Review: Mahapurush (The Holy Man) (1965)

Lightweight, funny, and farcical, The Holy Man deals with bigger themes than you might expect.

“Based on a short story” isn’t usually a good sign for a movie – it usually means there isn’t much character development, and an unsatisfying ending – and The Holy Man suffers from both. That’s not to say we don’t have some fun along the way, and it doesn’t mean the whole thing feels like a waste of time: more that it’d be nice if director Satyajit Ray gave us something to really chew on.

The star of the show here is Charuprakash Ghosh, giving a bombastic performance as the centuries-old Birinchi Baba. The mystic, whom Gurupada Mitter (Prasad Mukherjee) meets on a train accompanied by his daughter Buchki (Gitali Roy), impresses him and he promptly gets the Baba set up in his hometown, to become his disciple. He soon gathers followers, including Buckhi, who pledges herself as a chaste servant of the Baba and his ways.

She’s doing this to take (admittedly drastic) revenge on her boyfriend Satya (Satindra Bhattacharya). When he discovers what she’s done, he gathers a few friends together and they set about debunking Birinchi Baba.

It’s farcical, but it has interesting things to say about the nature of faith, and how a community can be taken in by a con man.

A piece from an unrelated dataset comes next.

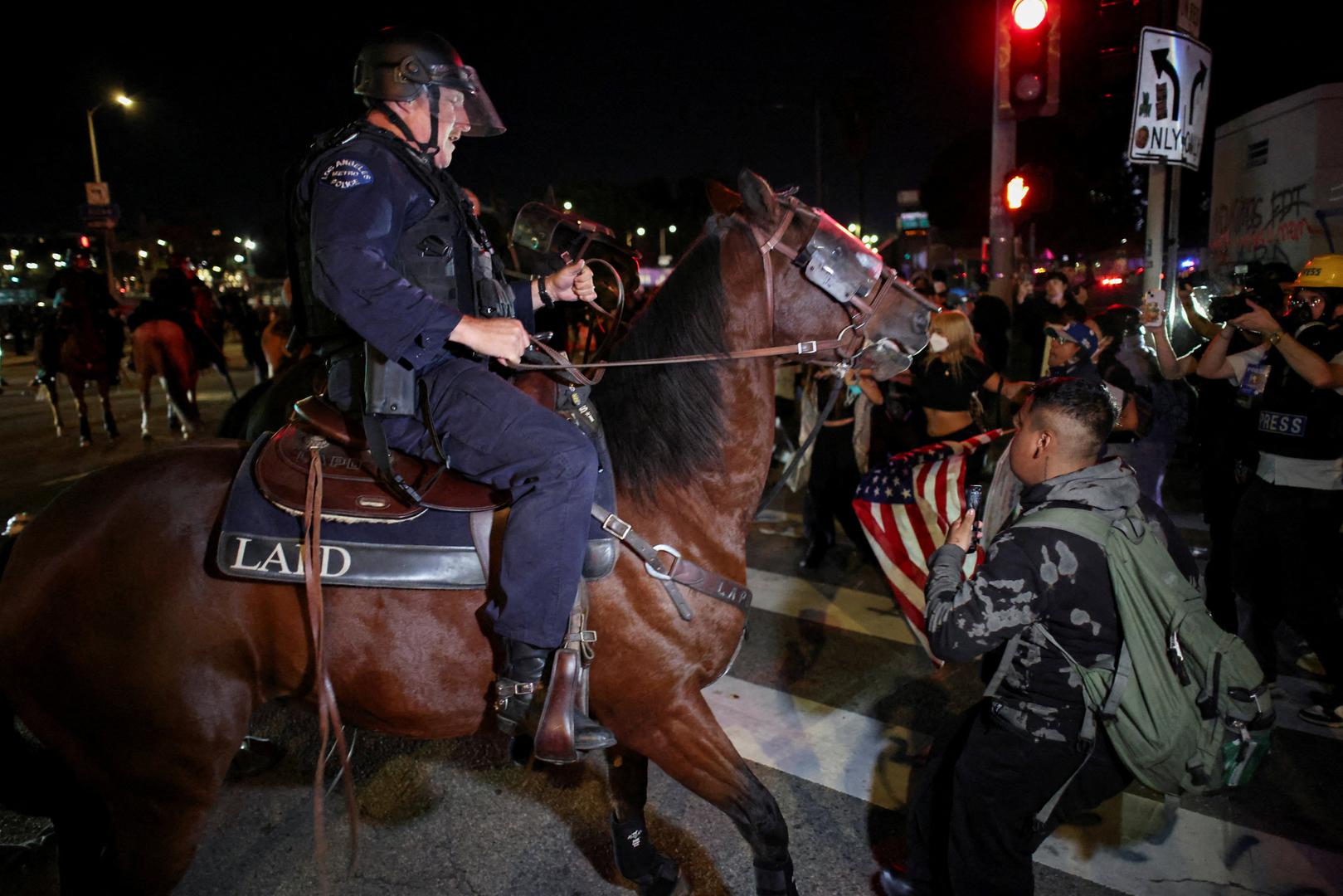 Sedam milijuna ljudi po tvrdnjama organizatora okupilo se u subotu u SAD-u na više od 2700 mirnih skupova protiv politike američkog predsjednika Donalda Trumpa.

When Birinchi Baba says that he taught Einstein E=MC2, giving him the keys to the theory of relativity, the crowd takes it in – the same way that religious believers, when confronted with science, can claim that science would not exist without the will of some deity.

The problem is that things seem to just happen – how Baba is revealed as a fraud just comes and goes. The relationship between Satya and Buckhi is never really elaborated, or even shown. It just is. A bit more story would have been fantastic – as fun as the scenes are between Satya and his friends, scheming against the baba; or the baba and his closest assistant thinking about the con they’re running and how they’ll spend their earnings; it doesn’t really add to the story. Not that those things should have been taken out, not at all – the film runs at 65 minutes, couldn’t a little more character development have found its way in?

The film is fun, but lightweight and slightly forgettable. Some of the Ray magic is there, but it’s gone again much too quickly. Fun while it lasts.